💾 Archived View for geminiprotocol.net › docs › gemtext-specification.gmi captured on 2024-08-31 at 11:58:35. Gemini links have been rewritten to link to archived content

View Raw

More Information

⬅️ Previous capture (2024-05-10)

🚧 View Differences

-=-=-=-=-=-=-

Gemini hypertext format, aka "gemtext", specification

Version 0.24.1

This document is placed in the public domain under the following terms:

Creative Commons CC0 1.0 Universal Public Domain Dedication

Abstract

This document specifies the "gemtext" hypertext format. Gemtext is intended to serve as the "native" response format of the Gemini file transfer protocol, in the same way that HTML is the native response format of HTTP [RFC7230], although it can be used for any other purpose for which it is suitable. Gemtext is served via Gemini using the as-yet unregistered MIME type text/gemini.

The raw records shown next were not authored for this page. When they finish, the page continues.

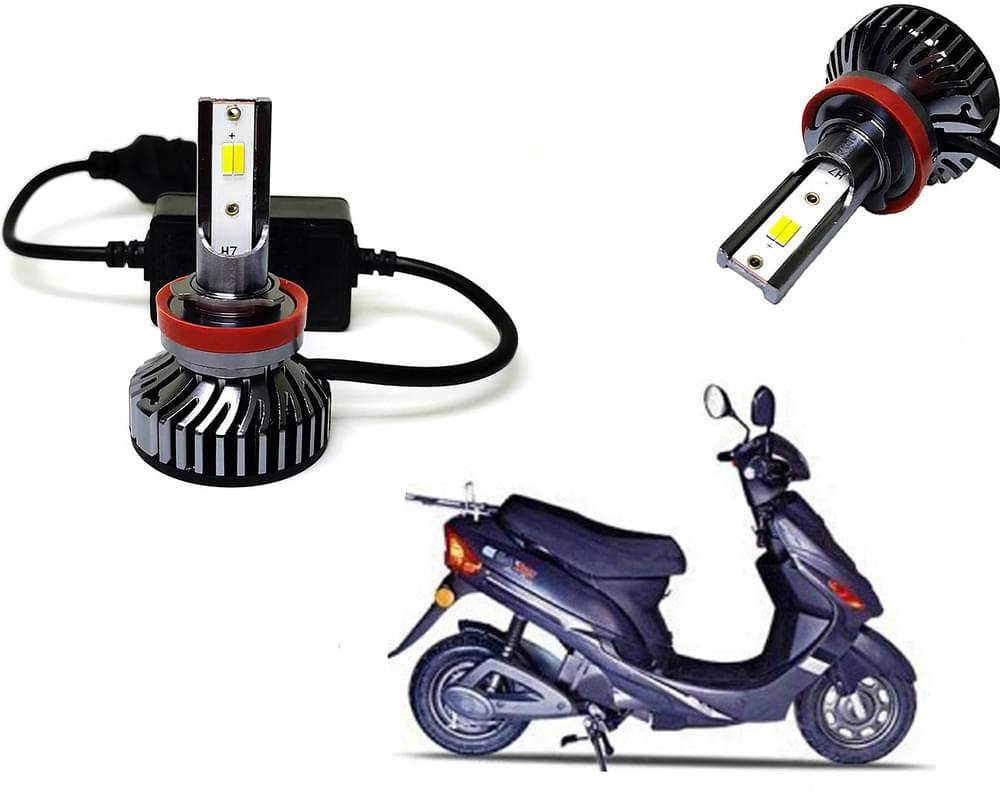     			Selifaur - 4 LED High Brightness Automotive 60W+35W Longer Life With Cooling Fan M3A BB1448 Auto Lighting System H7 H11 Led Headlight Light For - Avon E Mate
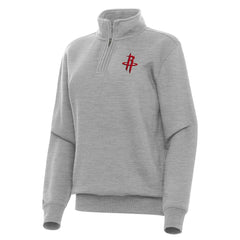 NBA - Houston Rockets Antigua Women's Victory Quarter-Zip Sweatshirt - Heather Gray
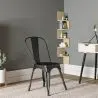 Buy Dining Chair Bistrot Industrial design Metalix 5Kg - New edition Dark grey 59802 - in the EU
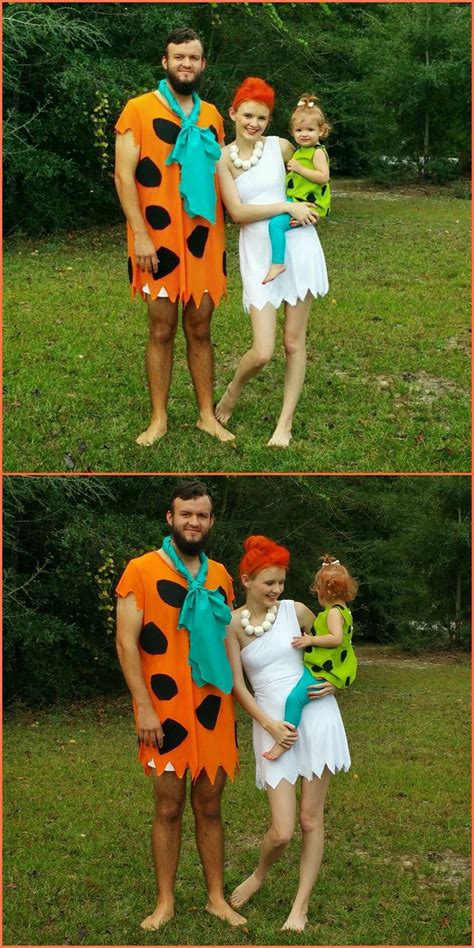 My DIY Flintstones Halloween costumes | Flintstones halloween costumes ...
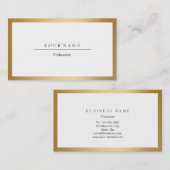 ゴールデンフレミニマルーム白金属名刺 名刺 (正面/裏面)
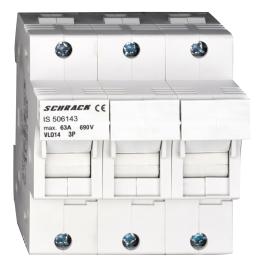 Separator modular pentru portfuzibile 14x51, 3P, 50A, Schrack IS506143--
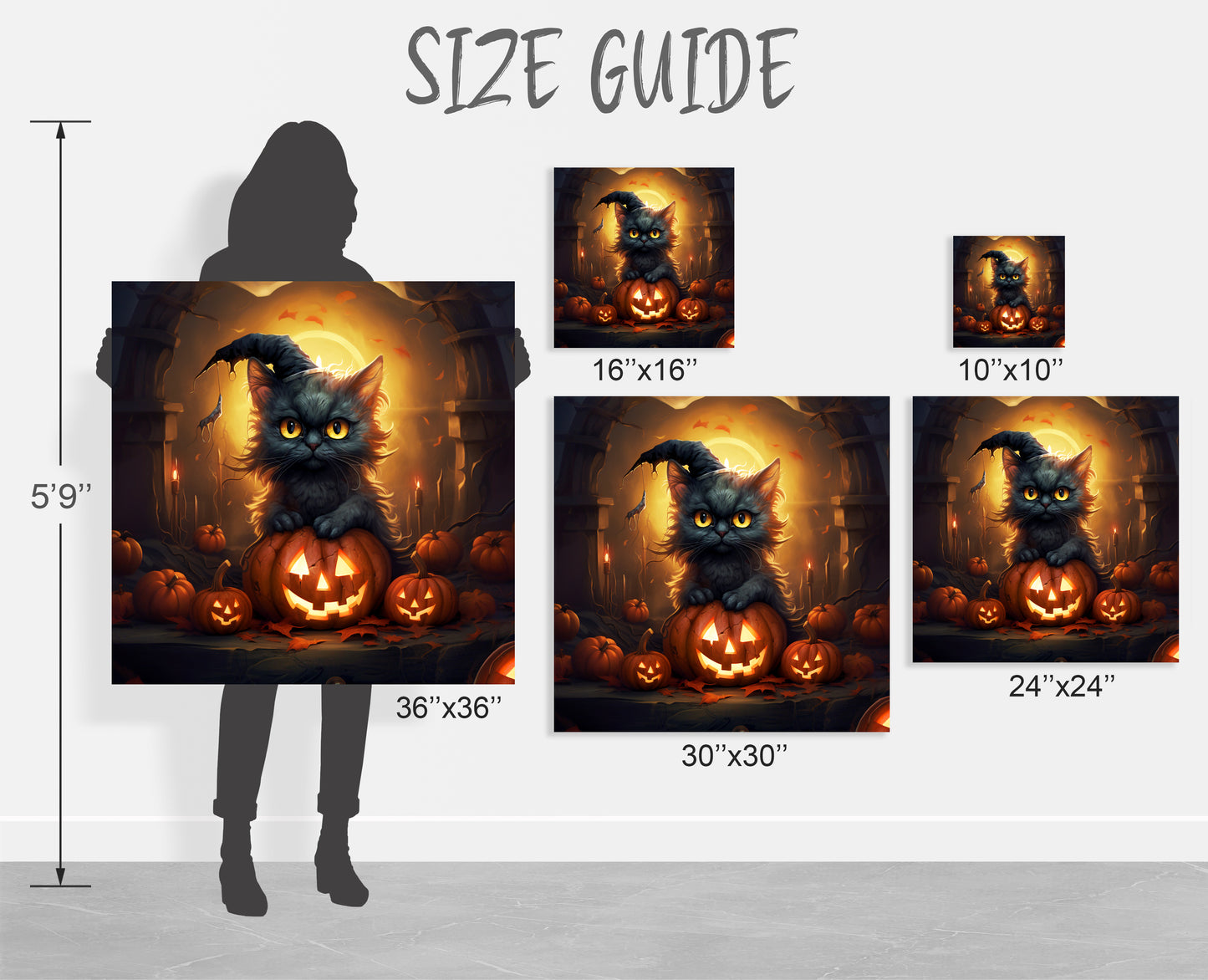 Halloween black cat decorations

See also the Gemini network protocol specification

Conventions used in this document

The key words "MUST", "MUST NOT", "REQUIRED", "SHALL", "SHALL NOT", "SHOULD", "SHOULD NOT", "RECOMMENDED", "MAY", and "OPTIONAL" in this document are to be interpreted as described in [BCP14].

Gemtext is specified here in its so-called "canonical form" and, since text/gemini is a subtype of MIME type "text", line breaks are therefore represented by the sequence CRLF. Note however that the Gemini network protocol specification allows any subtype of "text" to be transmitted with line breaks represented by LF alone.

Overview

Gemtext is designed to support simple electronic documents which can link to other online resources and which can be displayed in a manner conducive to easy and pleasant reading on devices with diverse display shapes and sizes. This provides an improved user experience over plain text which is "hard wrapped" to a fixed number of characters (which may be substantially more or less than can fit on a client's display), and where users must manually copy URLs out of the document and into their user agent's interface.

The format is designed to be both as simple to write by hand and as simple to parse as practical. The essential structure of a gemtext document is flat, not hierarchical, and a document can be parsed and rendered correctly in a single top-to-bottom pass.

The format is explicitly NOT intended to facilitate precise and replicable control by document authors over how the document is displayed. Styling is under the exclusive control of the rendering user agent.

Media type parameters

As a subtype of the top-level media type "text", "text/gemini" inherits the "charset" parameter defined in [RFC2046]. However, the default value of "charset" is "UTF-8" for "text" content transferred via Gemini.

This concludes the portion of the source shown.